It’s getting to be that time of year again: Gone are the days of negative degree weather, and slowly but surely, the temperature is creeping higher and higher. Warmer temperatures, combined with more sunshine throughout the day can only mean one thing: Summertime is fast approaching.

Summer can be a time to relax and unwind from the school year for some kids. For others, it’s a time to dive into the sport of their choice. However, summertime can also be a very special time to children for one reason: summer camp. 

“The biggest benefits I’ve seen and heard about are kids developing confidence and independence. While the extended time away can seem scary, it also gives campers a chance to grow and learn more about themselves.” – Brian Moore, director, YMCA Camp Manitou

Brian Moore, camp director at Camp Manitou, which is operated by the YMCA of the Chippewa Valley, said time spent away at residential camp harbors numerous educational, social, and physical benefits for campers year in and year out. “The biggest benefits I’ve seen and heard about are kids developing confidence and independence,” Moore said. “While the extended time away can seem scary, it also gives campers a chance to grow and learn more about themselves.” 
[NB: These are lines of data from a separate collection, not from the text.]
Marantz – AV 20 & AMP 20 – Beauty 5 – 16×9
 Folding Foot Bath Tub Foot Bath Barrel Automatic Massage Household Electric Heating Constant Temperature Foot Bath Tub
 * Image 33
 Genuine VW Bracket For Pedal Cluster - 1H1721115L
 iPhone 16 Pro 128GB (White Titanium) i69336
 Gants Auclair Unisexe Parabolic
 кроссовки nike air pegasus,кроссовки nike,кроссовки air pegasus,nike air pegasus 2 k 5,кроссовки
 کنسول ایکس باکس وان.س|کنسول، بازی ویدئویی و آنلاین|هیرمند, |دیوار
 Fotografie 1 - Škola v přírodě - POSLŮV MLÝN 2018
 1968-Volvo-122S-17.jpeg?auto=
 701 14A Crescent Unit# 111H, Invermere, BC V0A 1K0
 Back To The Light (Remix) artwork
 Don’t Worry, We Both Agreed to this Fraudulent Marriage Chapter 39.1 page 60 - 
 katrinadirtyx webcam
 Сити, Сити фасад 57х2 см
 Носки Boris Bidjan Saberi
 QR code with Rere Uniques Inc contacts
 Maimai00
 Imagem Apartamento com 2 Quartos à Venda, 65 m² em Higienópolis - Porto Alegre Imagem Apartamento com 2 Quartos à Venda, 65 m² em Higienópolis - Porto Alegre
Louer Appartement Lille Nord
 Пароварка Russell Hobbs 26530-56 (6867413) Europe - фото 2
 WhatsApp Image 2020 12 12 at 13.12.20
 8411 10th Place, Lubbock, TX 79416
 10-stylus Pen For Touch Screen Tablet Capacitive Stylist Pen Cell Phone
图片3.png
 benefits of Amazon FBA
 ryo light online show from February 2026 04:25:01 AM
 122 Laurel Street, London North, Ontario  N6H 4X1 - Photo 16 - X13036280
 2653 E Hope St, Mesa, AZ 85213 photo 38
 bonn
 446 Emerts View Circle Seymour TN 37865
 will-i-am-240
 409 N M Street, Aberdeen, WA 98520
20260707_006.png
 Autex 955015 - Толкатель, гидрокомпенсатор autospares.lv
For many kids, the first time they go to an overnight camp is the first time they are away from home without their parents for an extended period of time. With typical camp sessions lasting about a week, Briana Goldbeck, assistant camp director of Camp Manitou, said it’s not uncommon for fear to set in before campers even set foot on camp property.

“When parents ask us how to tell if their child is ready for camp, we typically ask them if they’ve spent time overnight, away from home with friends or other family members,” Goldbeck said. “If they’ve done it and felt good about it, that’s usually a good indicator.”

However, overnight sleepovers don’t have to be the only indicators of a child’s readiness for camp. Moore said that, ultimately, if parents feel their child is ready to come to a weeklong camp session, then that is a good indicator they can send the child to camp.

Preparing for the week ahead

Goldbeck and Moore said there are plenty of things parents and children can do leading up to the big week away. 

“We’ve told parents it’s helpful to pack their child’s bags with them there so they know what they have going into the week,” Moore said, “and it’s helpful for the child because it will help them begin to understand what to expect.”

Goldbeck said other ways for parents to prepare their children for their week at overnight camp can include practicing spending more time away from home, talking about the camp environment, and giving their children chances to ask questions.

Alternative options

Even if parents and children are still hesitant, Moore said there are steps that can be taken prior to attending overnight camp – steps such as attending day camp. 

Amy Peterson-Foss, sports center director at the L.E. Phillips YMCA Sports Center, said there are many kids who go through her program who attend both day and overnight camp, as well as many kids who are simply not ready for sleep-away camp quite yet.

Day camp offers many of the same benefits overnight camp does, such as making new friends and trying new skills. However, day camp can offer benefits that differs from overnight camp. At the end of the day, Peterson-Foss said, kids can go home and participate in their regular nighttime activities, such as sports.

 “We also offer a flexible schedule for day camp, which can fit the need of multiple families,” Peterson-Foss said. “Parents have more control of what days and weeks they want to send their kids to us.”

When it comes down to it, there are many options for a child to spend outdoors in the Chippewa Valley during the summer months. There are also many ways for a child to grow, learn, play, and make new friends. Summer camp just might be the place where it all begins.